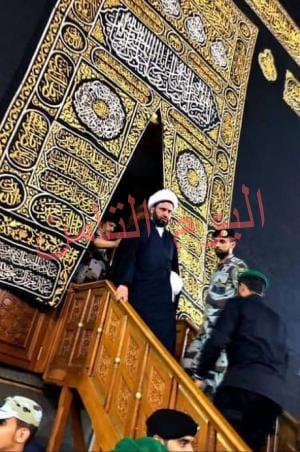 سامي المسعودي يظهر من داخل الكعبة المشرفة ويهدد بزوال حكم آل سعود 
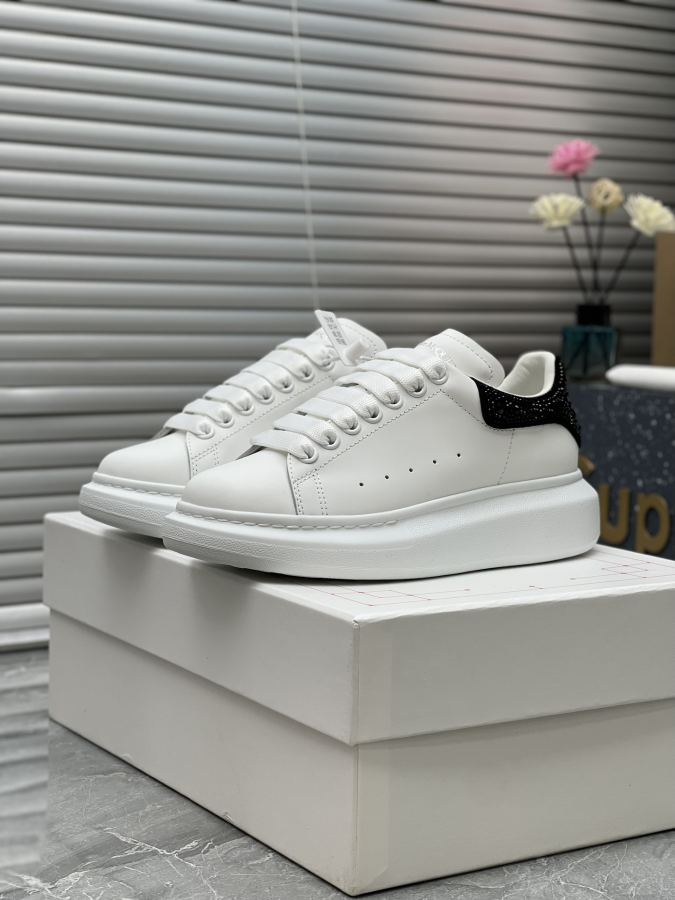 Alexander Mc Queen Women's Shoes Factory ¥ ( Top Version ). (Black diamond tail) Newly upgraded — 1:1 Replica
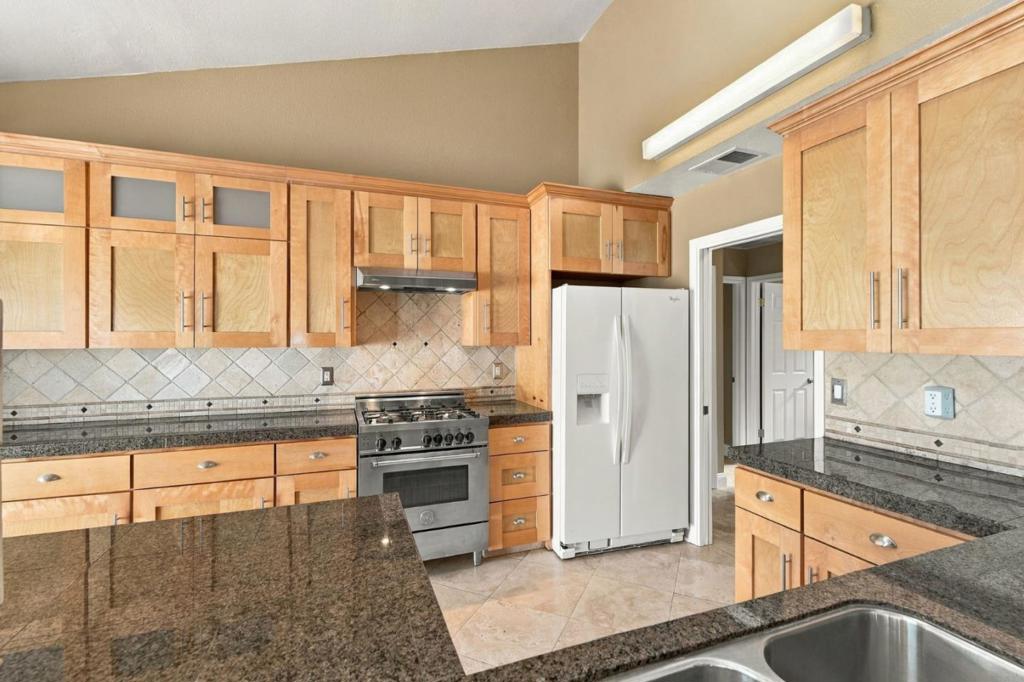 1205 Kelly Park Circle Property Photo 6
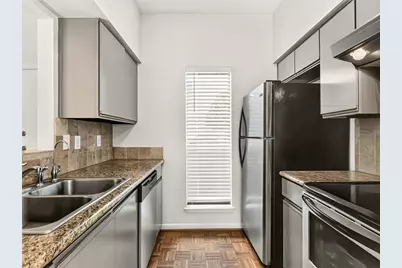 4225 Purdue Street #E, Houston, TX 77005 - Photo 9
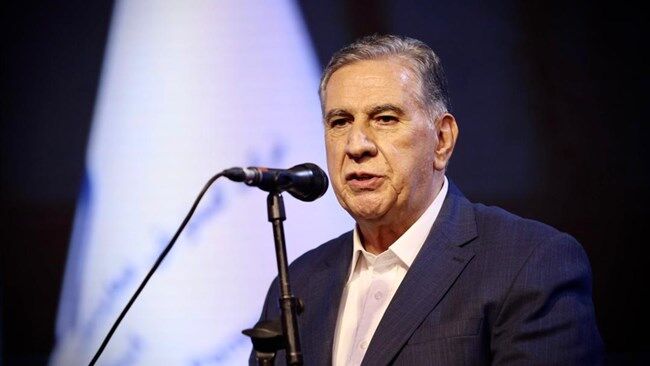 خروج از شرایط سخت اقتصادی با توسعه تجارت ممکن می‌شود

§

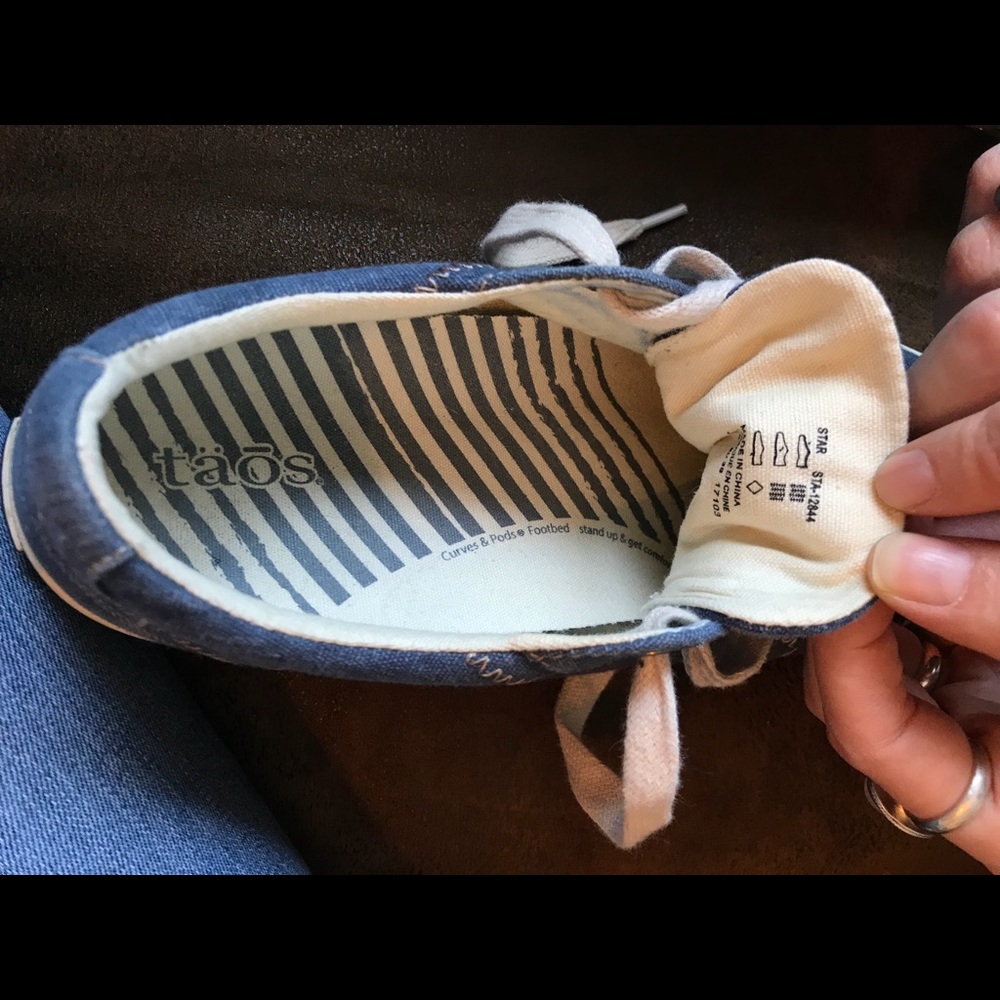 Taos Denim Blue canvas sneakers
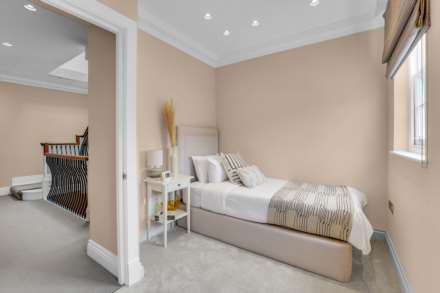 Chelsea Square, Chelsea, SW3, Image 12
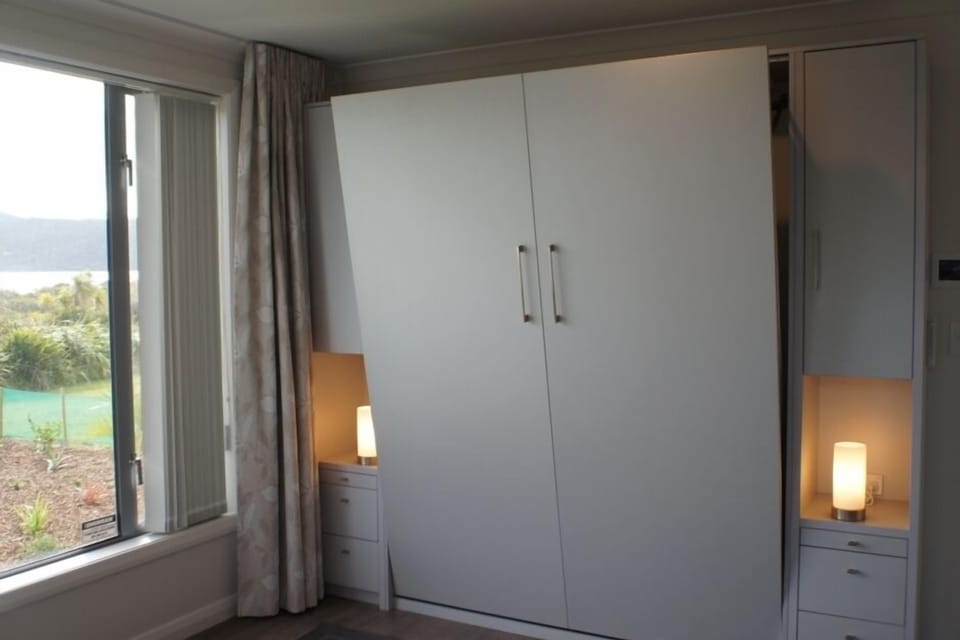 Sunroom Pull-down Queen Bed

§

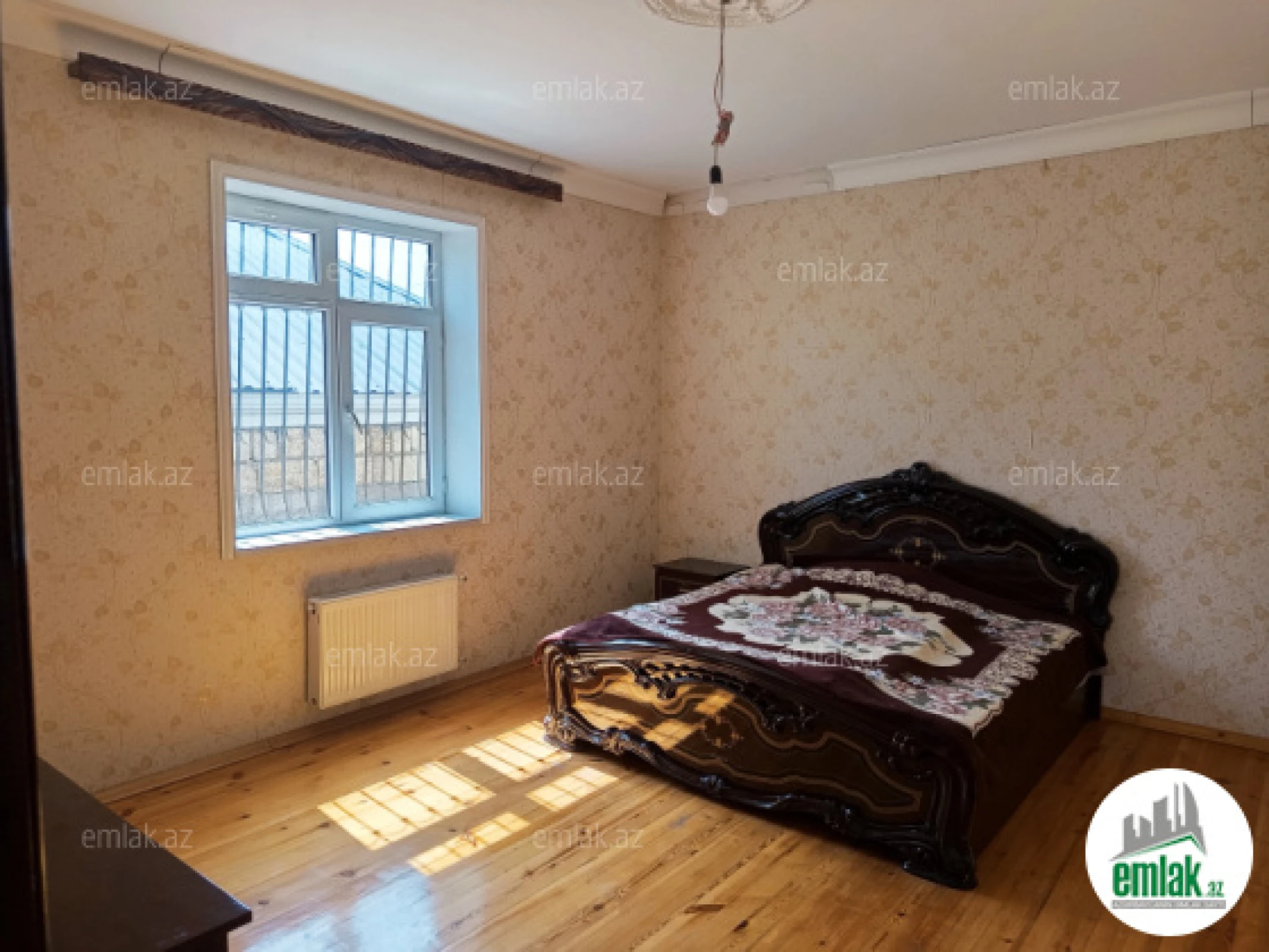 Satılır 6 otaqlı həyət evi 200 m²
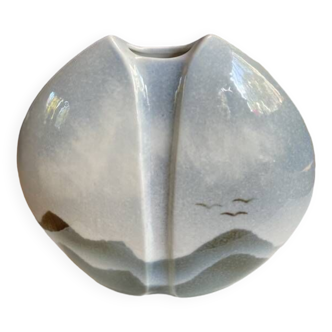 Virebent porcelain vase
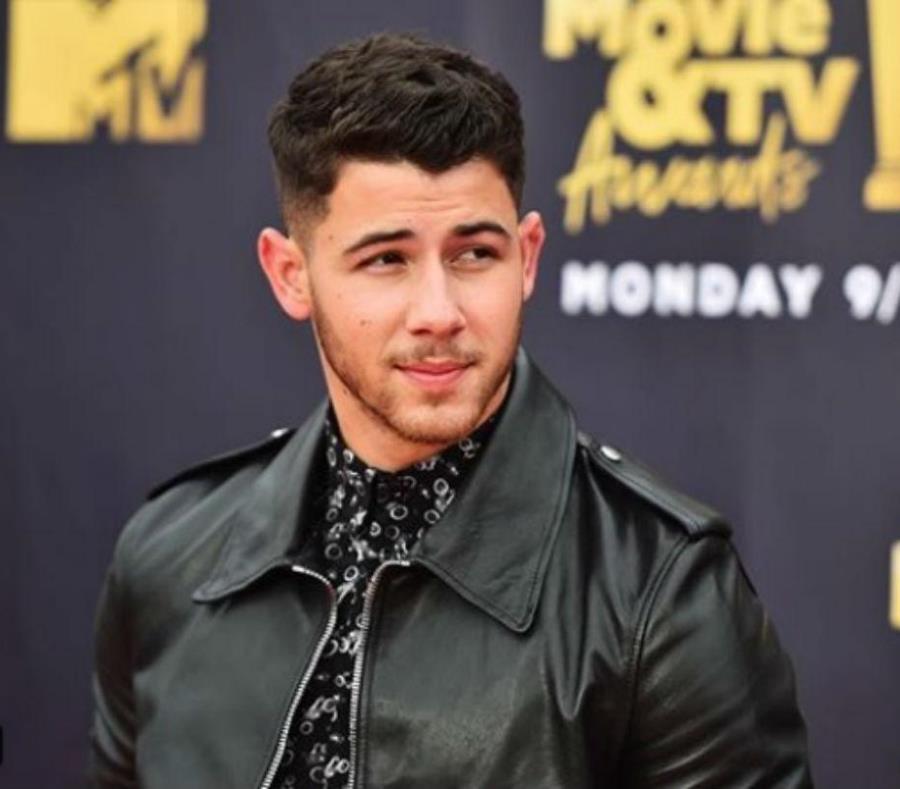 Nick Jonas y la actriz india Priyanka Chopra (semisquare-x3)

§

- REQUIRED ACTION -
In the listing above, find the line with "سامي المسعودي يظهر" and the line with "4225 Purdue Street". Set down both and every line between them, minus the pictures.

- REPLY TO THE EXERCISE -
 سامي المسعودي يظهر من داخل الكعبة المشرفة ويهدد بزوال حكم آل سعود 
 Alexander Mc Queen Women's Shoes Factory ¥ ( Top Version ). (Black diamond tail) Newly upgraded — 1:1 Replica
 1205 Kelly Park Circle Property Photo 6
 4225 Purdue Street #E, Houston, TX 77005 - Photo 9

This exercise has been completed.